Trump’s impeachment may hang on a point of grammar

Comey_Screen_Shot_2017_06_08_at_11.05.09_AM.0
James Comey speaking to the Senate Intelligence Committee on 8 June 2017

“I hope you can see your way clear to letting this go, to letting Flynn go. He is a good guy. I hope you can let this go.”

Donald Trump spoke these words to James Comey, former Director of the FBI, at a private meeting in the Oval Office.  As Alex Ward of vox.com states, these are the most important words of Comey’s testimony today to the House Intelligence Committee.  Comey felt that these were a direction to him by the President of the United States.

Primary school children in England taking the new tests in grammar, punctuation and spelling will have been taught that a command always includes a verb in the imperative mood.  In everyday social life, however, the context of an utterance helps to determine its meaning. Any bedraggled six-year-old knows that a parent or teacher exclaiming “Look at the state of you!” is not merely giving a command.   And yet this exclamation (as it seems to me) is defined as a command in the current tests.

Questioning James Comey today, Senator James Risch sought to deflect Comey’s view that Trump had given him a direction:

Sen. James Risch

He did not direct you to let it go?

James Comey

Not in his words, no.

Sen. James Risch

He did not order you to let it go?

James Comey

Again, those words are not an order.

From a limited view of language separate from context, Trump’s words do not include an imperative and are not an order.  However, Comey felt that they had an imperative meaning if not an imperative form.  Pressed by Risch as to whether, as the former director of the FBI, he knew of any case where a person had been charged with a criminal offence for hoping for an outcome, Comey replied:

This is a president of the United States with me alone saying I hope this. I took it as, this is what he wants me to do. I didn’t obey that, but that’s the way I took it.

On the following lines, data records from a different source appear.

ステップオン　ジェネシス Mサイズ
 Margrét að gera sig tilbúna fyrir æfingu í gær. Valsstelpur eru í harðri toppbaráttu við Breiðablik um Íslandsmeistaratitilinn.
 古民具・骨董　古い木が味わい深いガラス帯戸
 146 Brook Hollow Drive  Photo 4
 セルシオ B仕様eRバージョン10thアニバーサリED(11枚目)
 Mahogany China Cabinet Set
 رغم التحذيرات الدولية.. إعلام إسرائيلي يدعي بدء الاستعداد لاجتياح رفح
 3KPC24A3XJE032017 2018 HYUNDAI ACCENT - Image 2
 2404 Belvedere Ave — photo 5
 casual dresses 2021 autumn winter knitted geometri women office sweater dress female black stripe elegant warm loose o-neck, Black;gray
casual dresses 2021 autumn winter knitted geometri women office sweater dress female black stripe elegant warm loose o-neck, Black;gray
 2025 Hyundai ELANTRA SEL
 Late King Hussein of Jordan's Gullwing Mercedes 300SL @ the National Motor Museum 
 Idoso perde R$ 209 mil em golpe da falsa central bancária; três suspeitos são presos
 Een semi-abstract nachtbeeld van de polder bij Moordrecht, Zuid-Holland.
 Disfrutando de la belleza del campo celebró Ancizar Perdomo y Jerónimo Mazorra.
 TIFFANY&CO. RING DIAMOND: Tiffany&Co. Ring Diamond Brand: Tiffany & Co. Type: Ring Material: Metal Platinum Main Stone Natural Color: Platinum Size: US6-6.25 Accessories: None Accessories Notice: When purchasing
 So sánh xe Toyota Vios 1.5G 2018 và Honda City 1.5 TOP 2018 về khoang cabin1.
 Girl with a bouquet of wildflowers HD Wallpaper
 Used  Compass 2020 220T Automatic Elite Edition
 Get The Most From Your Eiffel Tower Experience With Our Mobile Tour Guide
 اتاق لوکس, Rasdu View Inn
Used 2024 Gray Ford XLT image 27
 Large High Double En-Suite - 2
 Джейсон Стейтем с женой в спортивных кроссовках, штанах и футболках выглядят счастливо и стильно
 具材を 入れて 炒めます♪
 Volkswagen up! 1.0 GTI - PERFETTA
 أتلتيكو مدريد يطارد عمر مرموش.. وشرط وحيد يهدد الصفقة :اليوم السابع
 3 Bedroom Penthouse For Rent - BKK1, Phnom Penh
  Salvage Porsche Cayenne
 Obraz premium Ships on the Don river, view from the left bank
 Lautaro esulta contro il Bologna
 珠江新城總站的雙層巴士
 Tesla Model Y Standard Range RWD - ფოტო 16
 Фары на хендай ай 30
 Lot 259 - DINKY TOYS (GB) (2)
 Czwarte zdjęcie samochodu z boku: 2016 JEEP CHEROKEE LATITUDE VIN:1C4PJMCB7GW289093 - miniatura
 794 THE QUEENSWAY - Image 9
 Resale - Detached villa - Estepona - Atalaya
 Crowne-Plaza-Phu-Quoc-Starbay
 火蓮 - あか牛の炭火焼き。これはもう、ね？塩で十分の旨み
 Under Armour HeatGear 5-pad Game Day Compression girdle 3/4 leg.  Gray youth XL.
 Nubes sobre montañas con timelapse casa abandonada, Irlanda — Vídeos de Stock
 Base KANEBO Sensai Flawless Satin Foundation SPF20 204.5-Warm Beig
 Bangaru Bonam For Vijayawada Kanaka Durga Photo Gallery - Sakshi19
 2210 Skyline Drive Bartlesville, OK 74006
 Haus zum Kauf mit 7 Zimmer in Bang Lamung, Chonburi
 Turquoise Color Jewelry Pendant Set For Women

Comey is drawing attention to the context of Trump’s words, and in particular to the power relationship between himself and his interlocutor.  He is implicitly making a grammatical analysis of language as a social semiotic – as deriving much of its meaning from the context of use.

It remains to be seen whether the Senate Intelligence Committee will accept this more adequate socio-linguistic analysis of the President’s words.